An investor group headed by Maria Contreras-Sweet and backed by billionaire Ron Burkle was set to buy TWC for about $500 million when Schneiderman filed a wide-ranging lawsuit on Feb. 11 alleging that company executives repeatedly failed to protect employees from Harvey Weinstein’s “unrelenting sexual harassment, intimidation and discrimination.”
Schneiderman insisted that a good portion of any money from a sale go to Harvey Weinstein victims, not those who allegedly facilitated sexual misconduct.
That move temporarily scuttled the deal, but since the filing of the lawsuit, TWC’s board fired David Glasser as president and chief operating officer. Glasser is now planning an $85 million wrongful termination lawsuit.

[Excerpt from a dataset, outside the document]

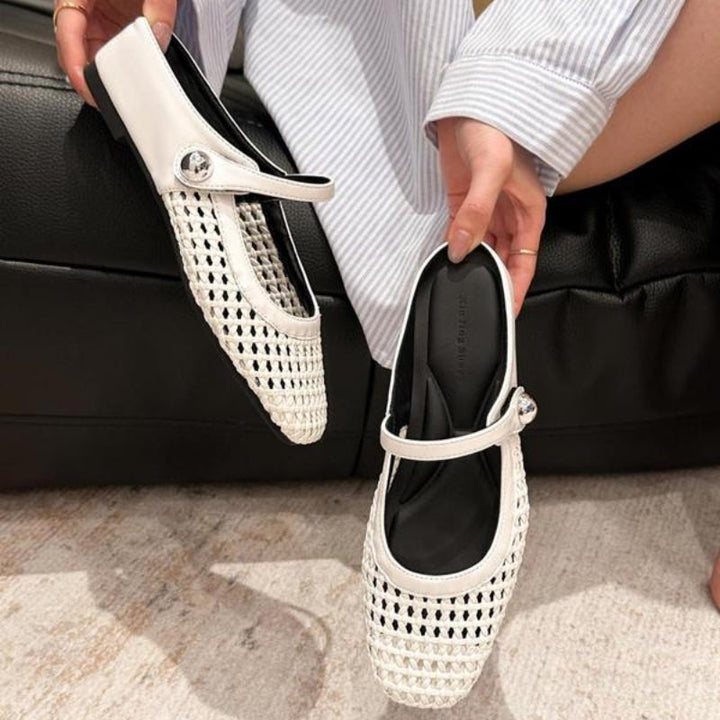 White woven Mary Jane flat mules with a silver button strap, held by a person wearing a striped shirt.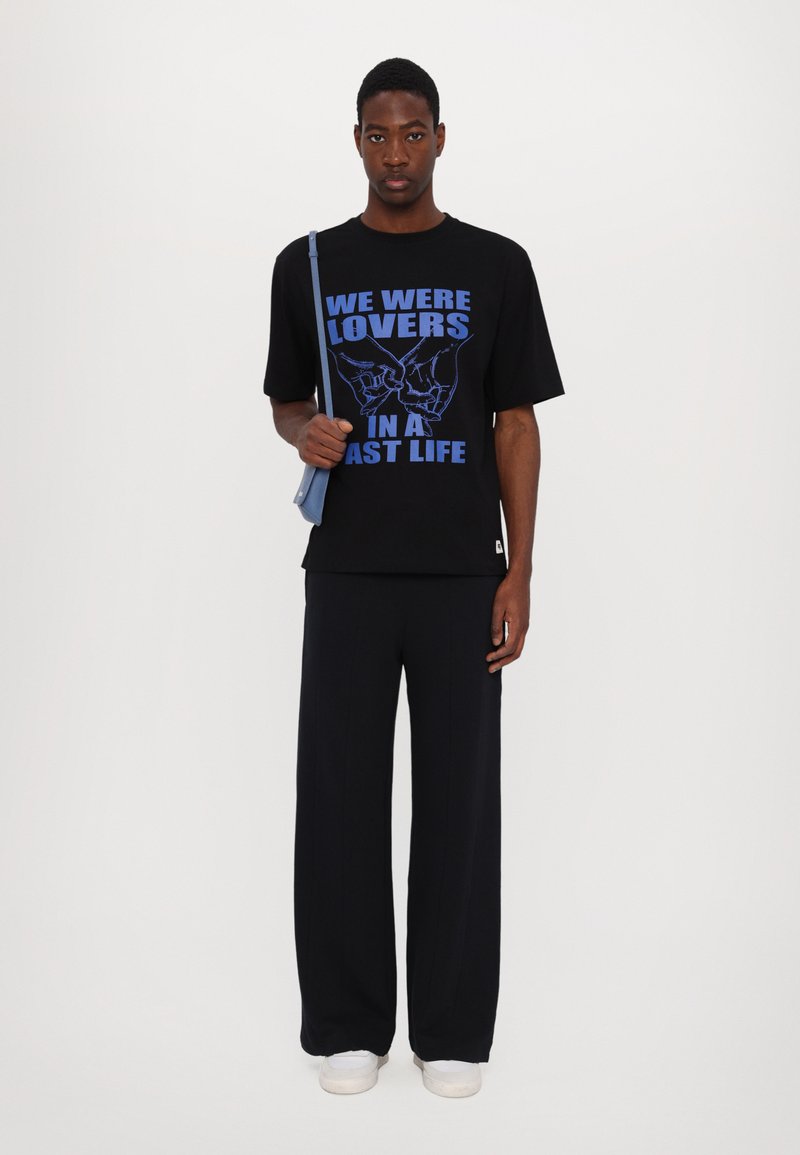 Schwarzes T-Shirt mit blauer Grafikschrift "WIR WAREN LIEBHABER IN EINEM FRÜHEREN LEBEN", kombiniert mit lockeren dunklen Hosen und weißen Turnschuhen.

With Glasser gone, TWC may have hopes of salvaging the Contreras-Sweet buyout, but now comes a potential new obstacle from eOne.
The Canadian distributor sued TWC earlier this month for offloading the commercial smash Paddington 2 before eOne had the opportunity to bring it to theaters. After TWC sold Paddington 2 rights to Warner Bros., eOne terminated an output agreement and now alleges the termination triggered repayment of a master advance within five days. The balance is $7.2 million owed.
According to eOne’s court documents, TWC executives haven’t disputed the amount and are using the monetary advance to continue operating.
“TWC executives have essentially admitted that the company is insolvent,” states an ex parte application for writs of attachment, adding that TWC is not paying debts “despite admitting that they are due.”
Martin Katz, attorney for eOne, recounted to the judge all of the developments related to Harvey Weinstein’s sexual escapades and Schneiderman’s lawsuit while pointing to “speculation” that the termination of Glasser means the sale of TWC is back on track. And if the sale doesn’t happen, Katz notes that TWC could file bankruptcy, with nods to how TWC executives have privately told eOne as much.
This all adds up to an exigent situation, eOne says.
“Irrespective of the twist and turns it may take, the TWC quagmire poses substantial and immediate risks of irreparable injury to eOne,” states the application in federal court. “If Defendants sell their assets, there is no assurance that there will be funds available set aside from the payout or committed by the buyer to pay eOne the substantial amount it is owed. If Defendants settle with other third-party claimants, … they may not have sufficient funds remaining to pay eOne. If Defendants continue to operate as they have been operating, their resources will become further impaired and, again, they may not have sufficient funds remaining to pay eOne. And, if Defendants file for bankruptcy more than ninety days down the road, and eOne has not obtained a writ of attachment, its claim will be substantially impaired, if not extinguished.”
If eOne succeeds in its application — and the judge’s decision to grant or deny will likely be coming in the next 72 hours — TWC would be prohibited from dissipating assets without eOne gaining satisfaction. If TWC declared bankruptcy more than three months hence under this scenario, eOne would become a secured creditor. But if TWC filed for bankruptcy sooner — an increasingly likely option — any attachment lien would terminate, and as an unsecured creditor, eOne would be in no better position than the others who would surely line up with claims against the debtor.
TWC faces other lawsuits (see this one over a canceled Amazon series, for instance) and similar moves could be coming from others.